In this Spyder’s case, more razzle-dazzle was only a 20-second top drop away, revealing a stunning, lipstick-red leather interior that picked up the color of the taillamps and red-painted brake calipers. Diamond-pattern quilting on the 18-way adjustable sport seats and carbon-fiber accents kept the show going, although none of that came for free—the diamond-stitched leather package costs $3500, the in-cabin carbon accents run $3400, and splashing red paint on the calipers costs $700. Along with a $1500 set of 20-inch forged-aluminum wheels and the $1300 gas-guzzler tax, this car’s price bloated from its $177,650 base to $191,550. Yikes.
However enjoyable it is to cruise along reveling in public adoration and savoring the interior visuals—including Audi’s trick Virtual Cockpit instrument screen with track-relevant information displays—the R8 is happiest at speed. And it gets there quickly. We clocked its zero-to-60-mph sprint at 3.2 seconds, only 0.3 behind the comparison-test coupe, a car that was 70-hp stronger and 236 pounds lighter. The Spyder’s acceleration remained tremendous through the quarter-mile, its 11.4-second, 125-mph run being just 0.5 second and 4 mph behind the V10 Plus coupe.

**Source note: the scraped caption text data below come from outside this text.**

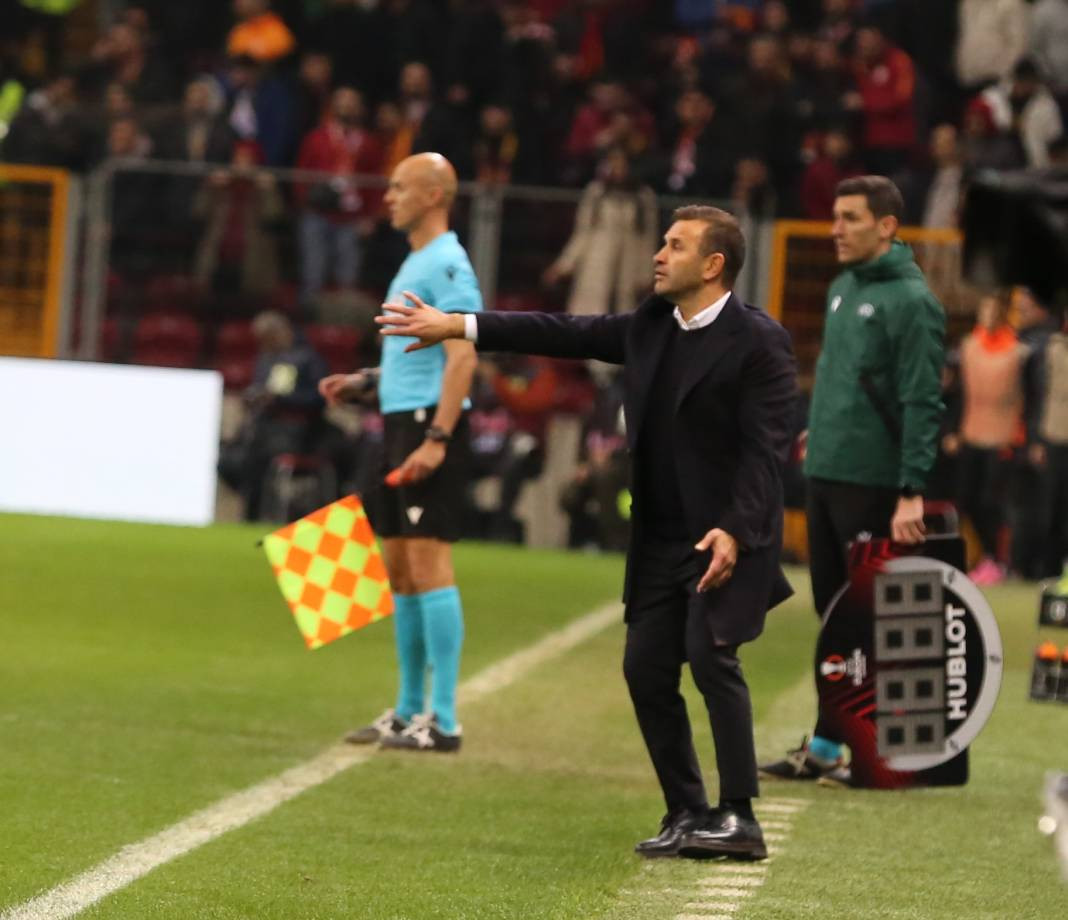 Muslera devleşti Icardi fişi çekti. Galatasaray taraftarı öldü öldü dirildi - Resim: 48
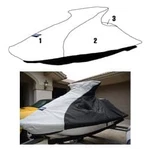 Custom Storage Cover For Polaris 650/SL 700/SL 750/SL 780/PRO 785 1992-2000. Fixed Price $199.95.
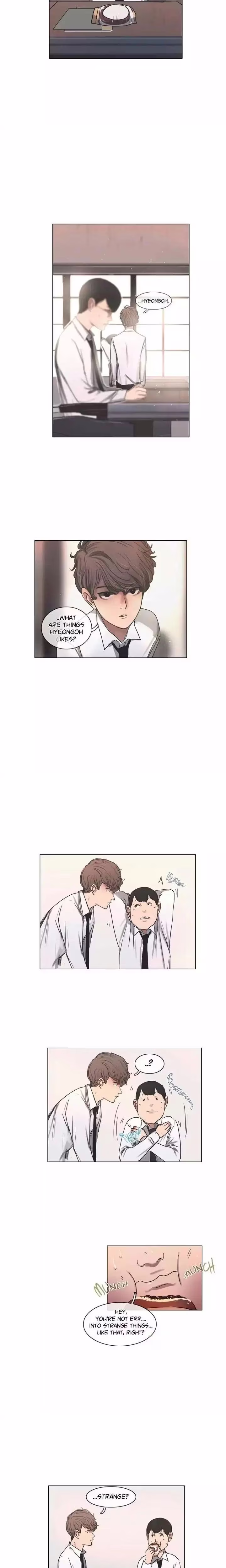 Save Me - Chapter 5 - Part 3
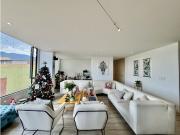 Piso exclusivo en alquiler en Bogotá, Bogotá D.C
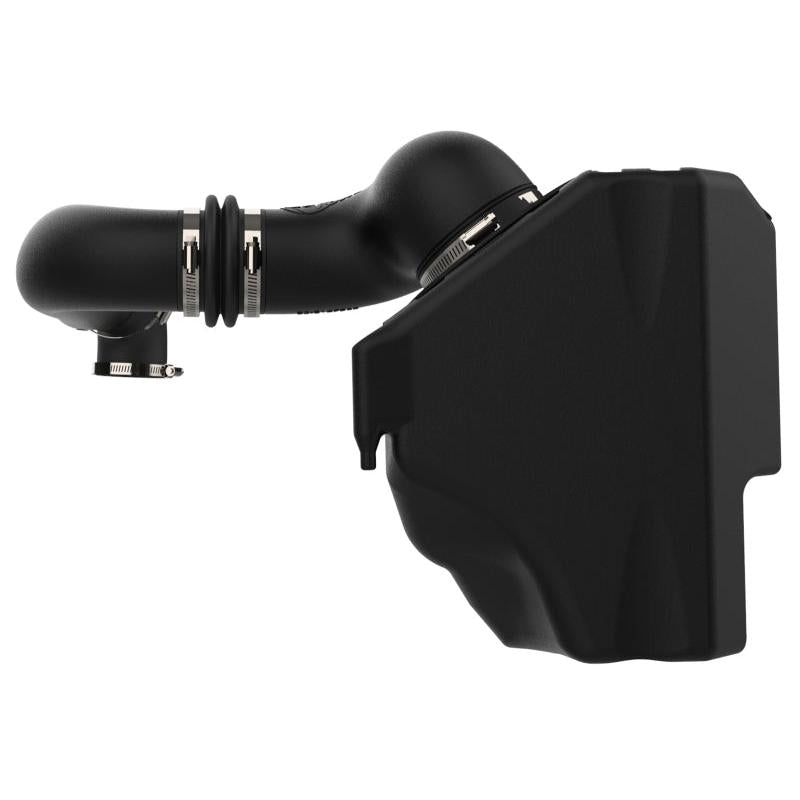 aFe Momentum ST Pro 5R Cold Air Intake System 14-17 Jeep Cherokee (KL) I4-2.4L-SR1 Performance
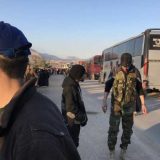 Evakuacija pobunjenika iz Gute 8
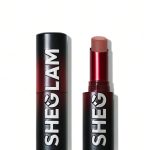 شيجلام احمر شفاه بوم مات يدوم طويلا من دينامات - امبر روز - 2.7 غرام (تشيريش يو)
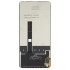 HUAWEI ENJOY 20 PLUS 5G DISPLAY AND DIGITIZER BLACK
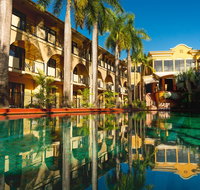Palm Royale Cairns - New South Wales Tourism 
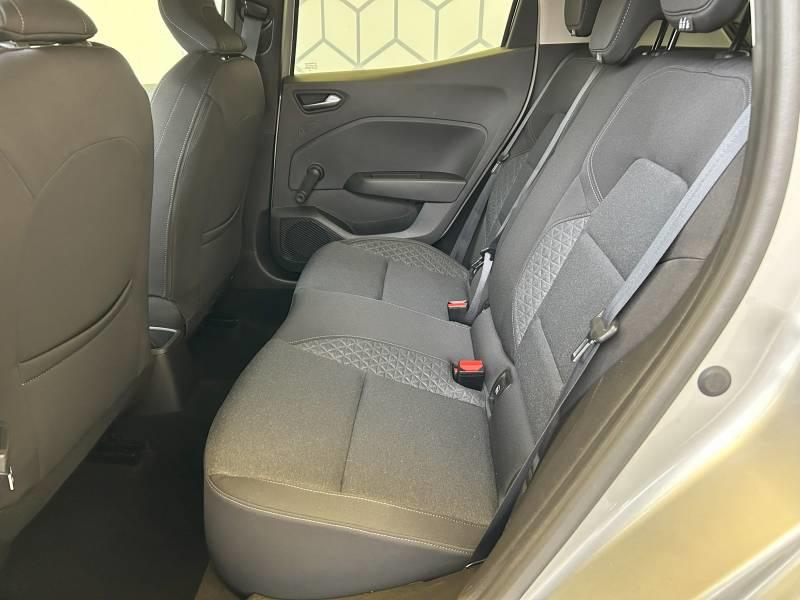 Renault Clio TCe 100 Zen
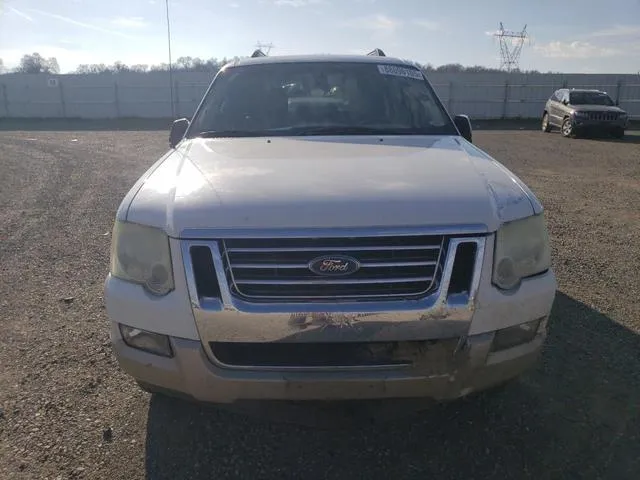 1FMEU64E26UB69100 2006 2006 Ford Explorer- Eddie Bauer 5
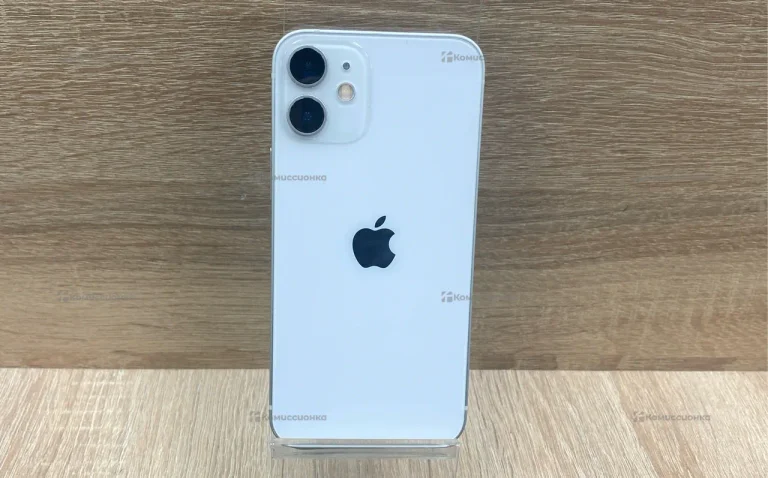 Apple iPhone 12 mini 4/128 ГБ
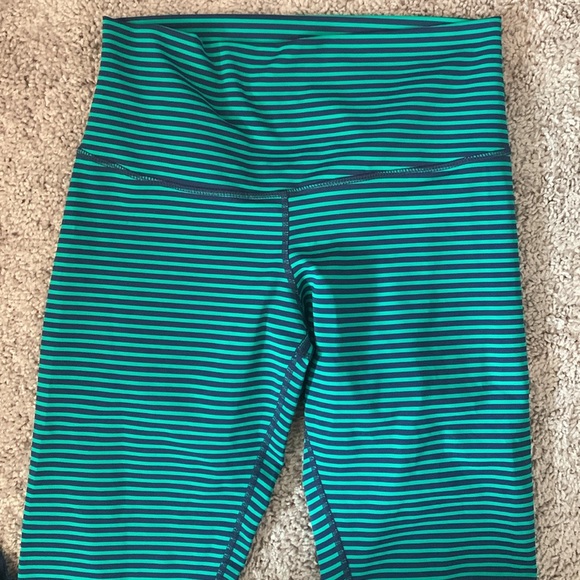 DYI Capri leggings size large - Picture 5 of 6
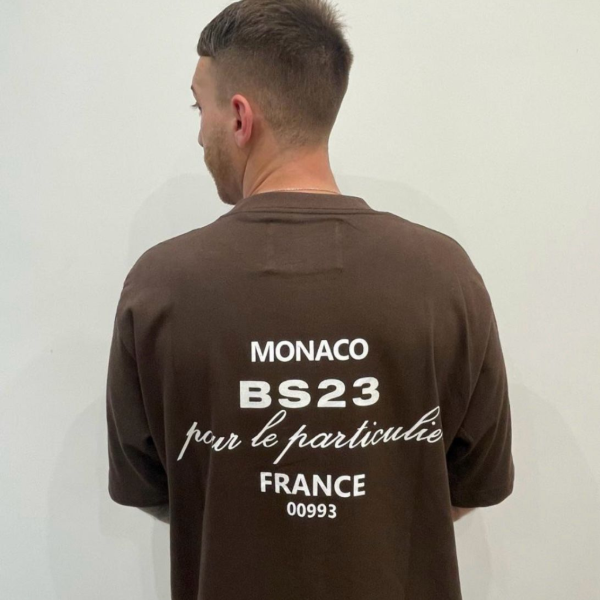 Producto - Remera Monaco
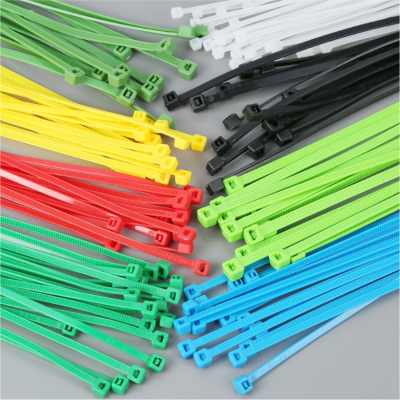 Factory Directly Qrovide High Quality Stainless Steel Zip 4.6*300mm Cable Ties Raw Material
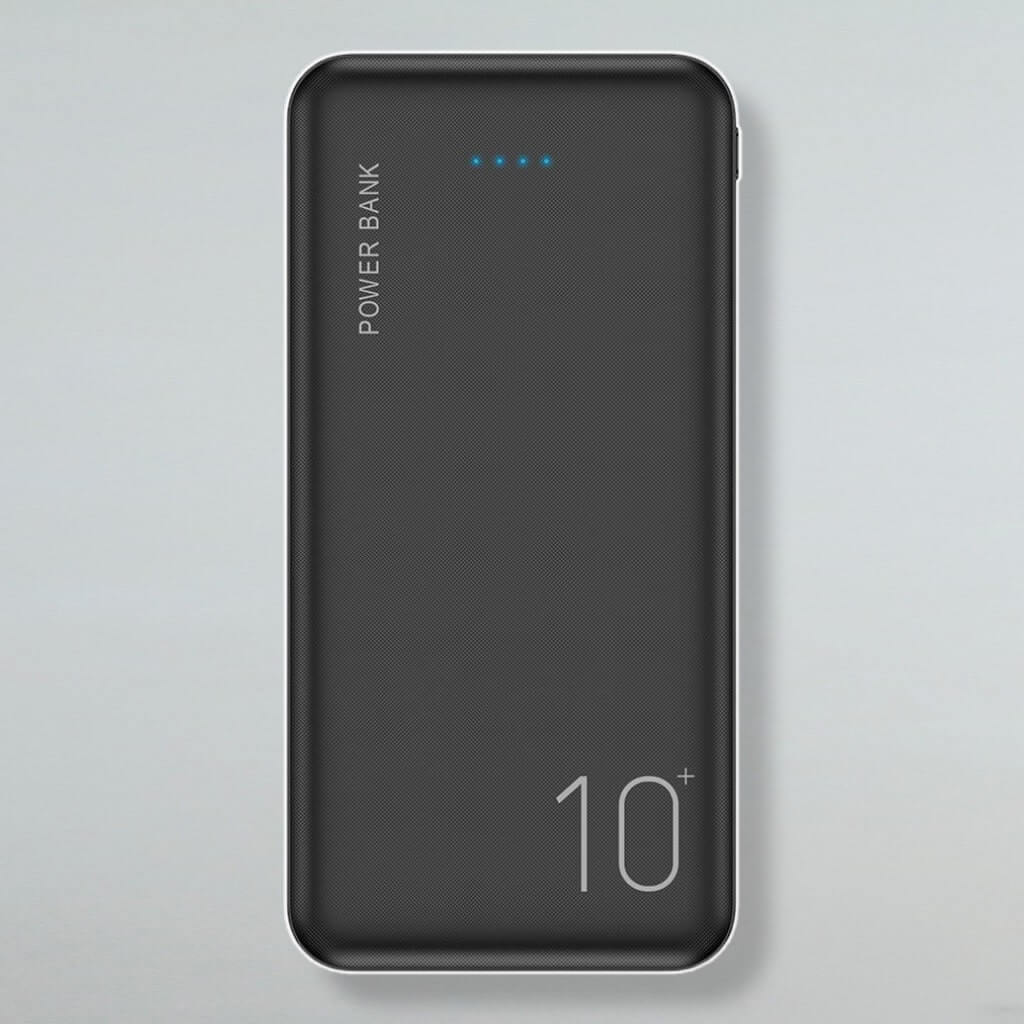Ultimate Travel Power Bank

As with other Huracáns and R8 V10s, the real fun is found in the upper reaches of the tachometer, making the trip to its 8500-rpm redline ever more rewarding. The ancillary benefit of running it to redline—and one of the most enticing aspects of the Spyder, really—is how the mellifluousness notes of that port- and direct-injected, naturally aspirated V-10 can find your eardrums with no interference from window glass or a roof structure. High-revving nonturbocharged engines with double-digit cylinder counts are an endangered but still enticing species, so we almost never turned on the 13-speaker Bang & Olufsen audio system, opting instead to savor the engine’s sounds. Lowering the glass rear window with the roof and side windows raised filters out atmospheric noise, leaving the cabin awash in the blissful bellow of unembellished, rapid-fire internal combustion.
Redline revelry consumes fuel at an alarming rate, though. While the EPA rates the R8 Spyder at 17 mpg combined—which hardly seems atrocious, yet is poor enough to trigger the guzzler tax—we averaged only 12 mpg. Which is atrocious. Sorry, Earth.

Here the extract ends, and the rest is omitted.